Courtney White: Hi everyone. I am Courtney White, and this is Jackson Walker Fast Takes. I asked my colleague, Travis Wussow, a partner in our Austin office, to talk about the US, Supreme Court, overturning Chevron USA v. the Natural Resources Defense Council. Travis, welcome to the podcast.

Travis Wussow: Thanks for having me, Courtney. It’s a great honor to be with you.

Courtney White: So Travis, I’d just love if you could tell us a little bit more about your practice and your previous work experience.

Travis Wussow: Yeah, sure. I’m a partner in the Austin office. I’ve recently rejoined the firm I started out my career with Jackson Walker. Many, years ago. I’ll decline to say how many. But the last few years, kind of in the in the time in between my two Jackson Walker stints, I’ve worked in public policy and advocacy, I would say broadly, I’m a regulatory and administrative lawyer. But the last few years I’ve been in DC. I just recently repatriated back to the great state of Texas, and I’m very excited to be back home.

Courtney White: Of course you did, because Texas is great, right?

Travis Wussow: It’s good. It’s good to be out of the swamp, that’s for sure.

Courtney White: Well, Travis, with that experience, I’d love to get your perspective on the history of the Chevron USA decision and how it impacted federal regulation.

Travis Wussow: Sure. So Chevron, USA v. the Natural Resources Defense Council, is really one of the most important cases in administrative law. It’s a case that was decided almost, well exactly four decades ago, in 1984 and what the case dealt with was the agency. This was during the Reagan administration, the Environmental Protection Agency’s definition of the statutory term stationary source, EPA had issued a rule in that or interpreting that, that term stationary source to mean that, that basically, the agency could consider all of the sort of processes within a particular industrial grouping, they could put a quote, unquote bubble around it and treat all of those processes as a single stationary source. And NRDC had sued EPA saying, no, no, this is too permissive. This is too generous towards industry. What EPA needs to do, actually, is require each of those individual emitting points to get their own permit each they each need to be considered a stationary source on their own.

And sort of the political backdrop of all of this is that during this time the DC Circuit had been, it had sort of a leftward bent to it, and had been siding with environmental groups on a number of different cases over the years. And so interestingly, the this case, Chevron USA, that was just overturned by the conservative majority on the Supreme Court, was actually written by Justice Scalia. And what Justice Scalia’s rationale behind this case was to say, you know, these agencies have sort of a special technical expertise around the statutes that they’re interpreting, and rather than have an activist, quote, unquote court get involved with telling an agency how it should interpret its own statutes, the court should defer to the interpretation of the agency.

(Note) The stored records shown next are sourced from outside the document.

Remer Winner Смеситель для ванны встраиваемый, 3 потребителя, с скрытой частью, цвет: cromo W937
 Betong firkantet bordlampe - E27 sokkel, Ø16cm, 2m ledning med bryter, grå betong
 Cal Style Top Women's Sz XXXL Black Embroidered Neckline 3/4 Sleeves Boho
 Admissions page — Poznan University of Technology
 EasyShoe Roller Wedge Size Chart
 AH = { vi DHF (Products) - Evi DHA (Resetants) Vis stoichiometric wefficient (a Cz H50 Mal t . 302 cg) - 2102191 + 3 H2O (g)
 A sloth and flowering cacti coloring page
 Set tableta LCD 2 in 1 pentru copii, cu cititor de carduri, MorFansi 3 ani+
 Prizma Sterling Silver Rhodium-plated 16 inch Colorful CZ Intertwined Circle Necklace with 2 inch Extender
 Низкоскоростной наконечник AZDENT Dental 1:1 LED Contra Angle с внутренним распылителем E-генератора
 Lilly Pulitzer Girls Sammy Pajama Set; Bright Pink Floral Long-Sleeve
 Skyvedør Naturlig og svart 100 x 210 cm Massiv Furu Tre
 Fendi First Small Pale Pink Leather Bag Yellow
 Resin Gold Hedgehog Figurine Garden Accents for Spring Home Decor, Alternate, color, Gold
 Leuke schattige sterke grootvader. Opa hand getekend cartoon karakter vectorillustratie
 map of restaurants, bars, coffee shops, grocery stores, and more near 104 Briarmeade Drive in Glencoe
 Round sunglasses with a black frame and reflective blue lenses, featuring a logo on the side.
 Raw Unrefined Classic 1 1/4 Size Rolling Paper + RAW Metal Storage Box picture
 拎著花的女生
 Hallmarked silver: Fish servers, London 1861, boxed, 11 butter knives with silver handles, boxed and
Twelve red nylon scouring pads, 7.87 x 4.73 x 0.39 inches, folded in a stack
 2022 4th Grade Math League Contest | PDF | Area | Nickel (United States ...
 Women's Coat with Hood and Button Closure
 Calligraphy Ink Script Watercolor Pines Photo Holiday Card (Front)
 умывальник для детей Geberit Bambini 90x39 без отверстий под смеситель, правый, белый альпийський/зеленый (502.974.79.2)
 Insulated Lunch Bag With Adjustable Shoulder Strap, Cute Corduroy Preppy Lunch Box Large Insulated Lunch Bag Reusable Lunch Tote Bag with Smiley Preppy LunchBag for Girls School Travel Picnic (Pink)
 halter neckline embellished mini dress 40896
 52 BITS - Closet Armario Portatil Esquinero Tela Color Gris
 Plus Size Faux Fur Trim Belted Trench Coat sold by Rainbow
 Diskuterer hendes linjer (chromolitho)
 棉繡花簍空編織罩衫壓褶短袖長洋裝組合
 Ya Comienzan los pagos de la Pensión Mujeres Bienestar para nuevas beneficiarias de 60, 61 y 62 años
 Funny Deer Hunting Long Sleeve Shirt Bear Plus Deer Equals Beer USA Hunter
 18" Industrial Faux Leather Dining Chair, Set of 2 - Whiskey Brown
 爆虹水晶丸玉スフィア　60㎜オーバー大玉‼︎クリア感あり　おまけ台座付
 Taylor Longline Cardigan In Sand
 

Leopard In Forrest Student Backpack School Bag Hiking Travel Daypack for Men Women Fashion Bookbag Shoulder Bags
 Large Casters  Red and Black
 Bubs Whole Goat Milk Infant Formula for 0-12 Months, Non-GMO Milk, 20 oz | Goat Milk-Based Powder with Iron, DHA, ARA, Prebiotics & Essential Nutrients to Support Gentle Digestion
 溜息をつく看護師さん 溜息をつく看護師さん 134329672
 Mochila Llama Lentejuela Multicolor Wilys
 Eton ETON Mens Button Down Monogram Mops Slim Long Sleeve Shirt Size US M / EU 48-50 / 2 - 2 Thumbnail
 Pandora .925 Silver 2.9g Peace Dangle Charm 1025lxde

Courtney White: Which to me, seems logical, by the way.

Travis Wussow: Yeah, I think it. I think it does make sense. And, you know, and it should be noted that over, you know, over the years, the court has ruled on Chevron a number of different ways. It has limited its effect. It’s provided a bunch of caveats to it. And it was originally articulated as a two-step process. There now is a step zero and maybe a step 0.5, so what was created in the aftermath of Chevron was a very complicated body of law that dealt with statutory interpretation. And so because the current majority, or at least the current conservative majority on the on the Supreme Court, has a bit more textual bent to it, in some ways, it’s not surprising that their bias took them where they took with Loper Bright, which was to overrule Chevron and say no actually questions of statutory interpretation, answering the question, what does a phrase mean, or what does a word mean? Actually lies within the special province of the judiciary, not the agency. And the court in Loper Bright was careful to say, you know, it isn’t as though what agencies have to say doesn’t matter. An agency can provide its gloss. It can it can provide its opinion about what a statute means, and the court should consider that when sort of dealing with an ambiguous statute or dealing with a question of statutory interpretation. But what Chevron said was that the judiciary was bound to defer to the federal agency when there was a question of an ambiguous statute. And it was, it was that sort of binding deference that was overturned in Loper Bright.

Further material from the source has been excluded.